• DATA IN THIS EXERCISE

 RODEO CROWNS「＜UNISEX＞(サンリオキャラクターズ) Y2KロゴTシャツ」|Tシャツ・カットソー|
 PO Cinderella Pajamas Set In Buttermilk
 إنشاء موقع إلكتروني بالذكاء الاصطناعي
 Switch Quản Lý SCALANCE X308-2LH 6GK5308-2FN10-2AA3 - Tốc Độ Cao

---

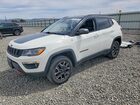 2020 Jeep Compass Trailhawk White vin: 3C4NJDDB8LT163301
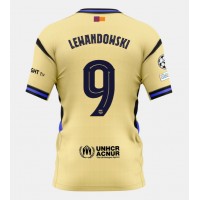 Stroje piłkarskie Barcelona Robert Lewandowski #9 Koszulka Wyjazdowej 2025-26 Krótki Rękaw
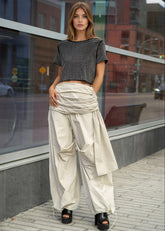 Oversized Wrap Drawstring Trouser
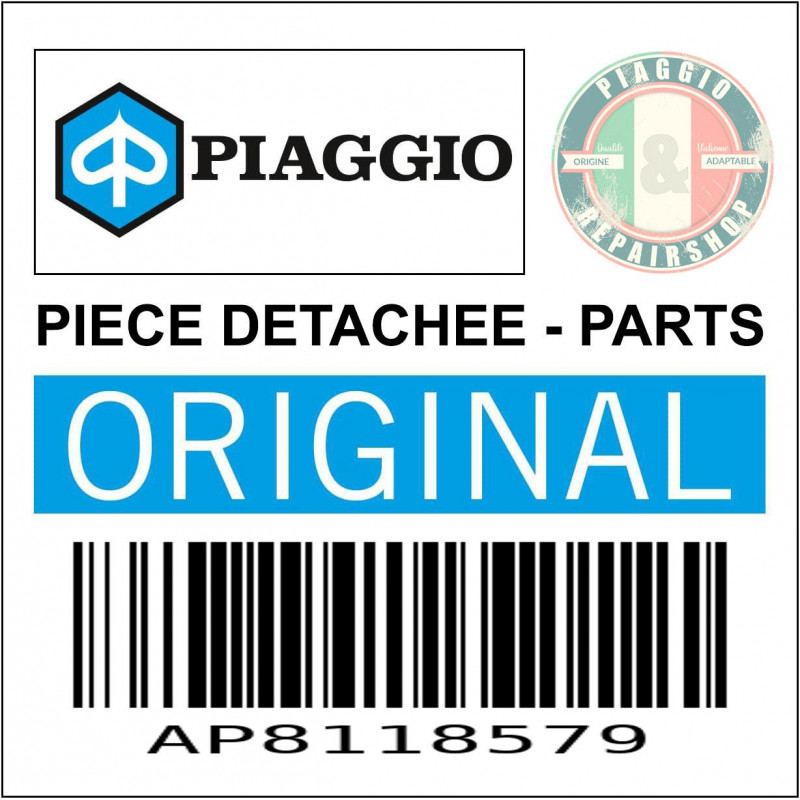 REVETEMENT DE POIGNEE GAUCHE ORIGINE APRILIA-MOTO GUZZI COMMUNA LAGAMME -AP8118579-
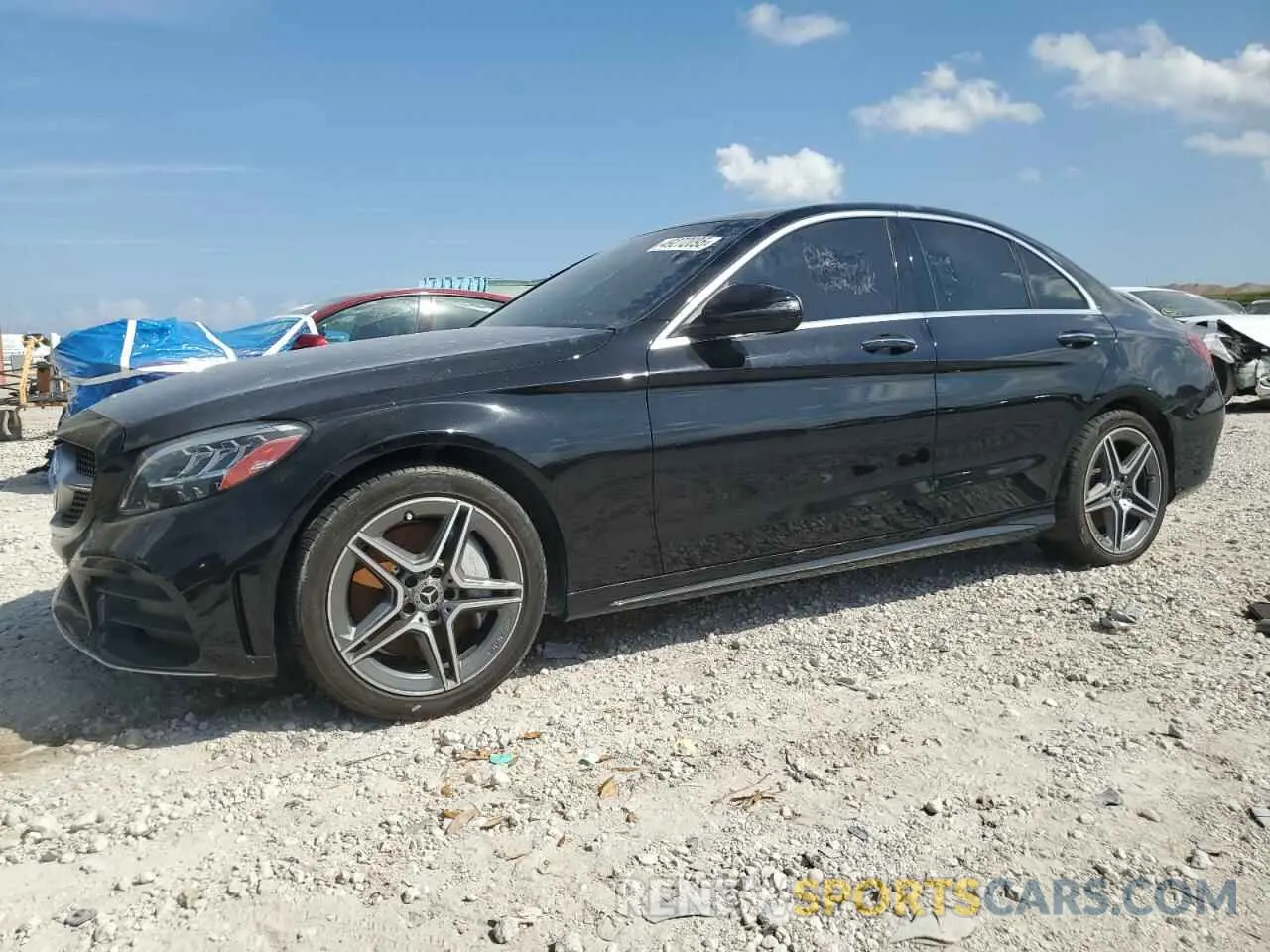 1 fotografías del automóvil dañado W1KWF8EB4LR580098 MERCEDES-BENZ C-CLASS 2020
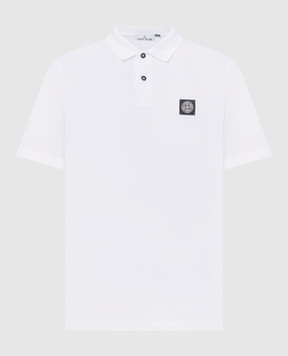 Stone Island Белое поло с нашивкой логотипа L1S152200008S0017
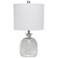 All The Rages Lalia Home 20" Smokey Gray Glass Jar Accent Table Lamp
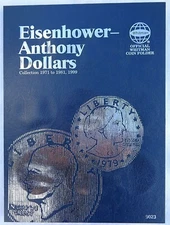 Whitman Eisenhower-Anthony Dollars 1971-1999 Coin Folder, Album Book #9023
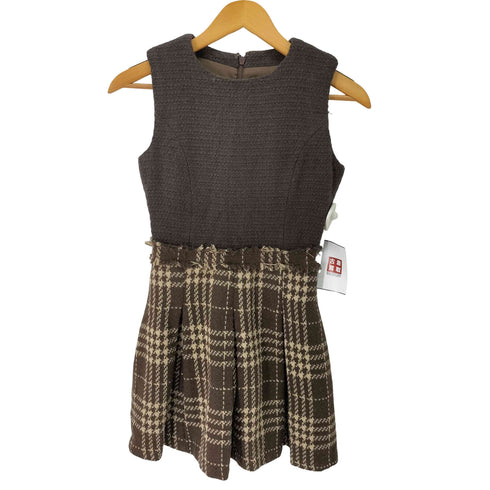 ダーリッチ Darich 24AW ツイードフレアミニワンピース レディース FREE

---

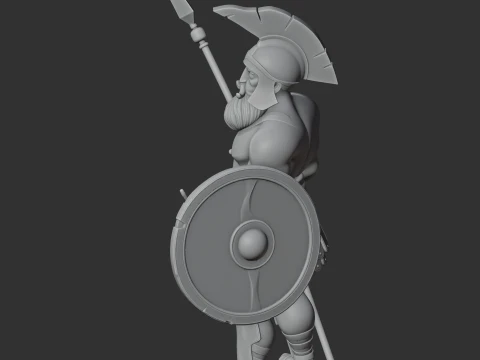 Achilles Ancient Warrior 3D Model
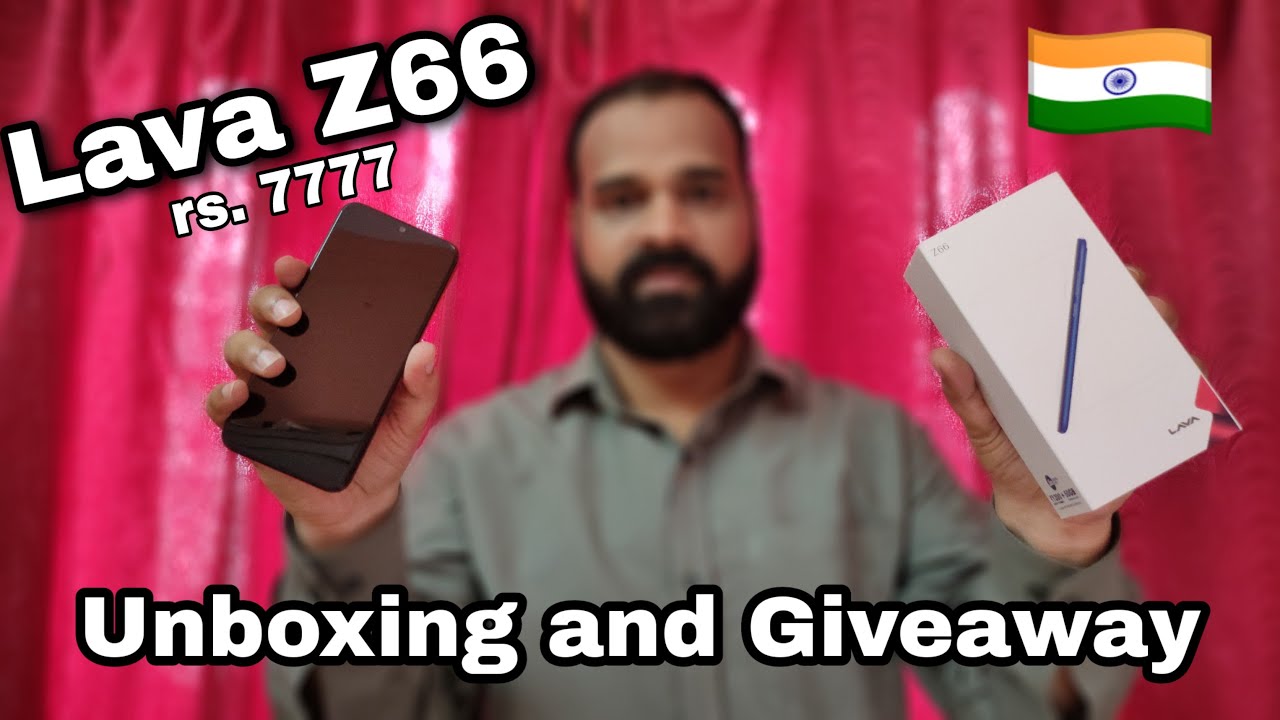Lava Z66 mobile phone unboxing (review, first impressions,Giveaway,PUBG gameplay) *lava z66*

• EXERCISE
Leaving every picture aside, reproduce exactly the lines above from the one with "Stroje piłkarskie Barcelona" up to and including the one with "ダーリッチ Darich 24AW ツイードフレアミニワンピース レディース FREE", and no others.

• OUTPUT OF THE EXERCISE
 Stroje piłkarskie Barcelona Robert Lewandowski #9 Koszulka Wyjazdowej 2025-26 Krótki Rękaw
 Oversized Wrap Drawstring Trouser
 REVETEMENT DE POIGNEE GAUCHE ORIGINE APRILIA-MOTO GUZZI COMMUNA LAGAMME -AP8118579-
 1 fotografías del automóvil dañado W1KWF8EB4LR580098 MERCEDES-BENZ C-CLASS 2020
 Stone Island Белое поло с нашивкой логотипа L1S152200008S0017
 All The Rages Lalia Home 20" Smokey Gray Glass Jar Accent Table Lamp
 Whitman Eisenhower-Anthony Dollars 1971-1999 Coin Folder, Album Book #9023
 ダーリッチ Darich 24AW ツイードフレアミニワンピース レディース FREE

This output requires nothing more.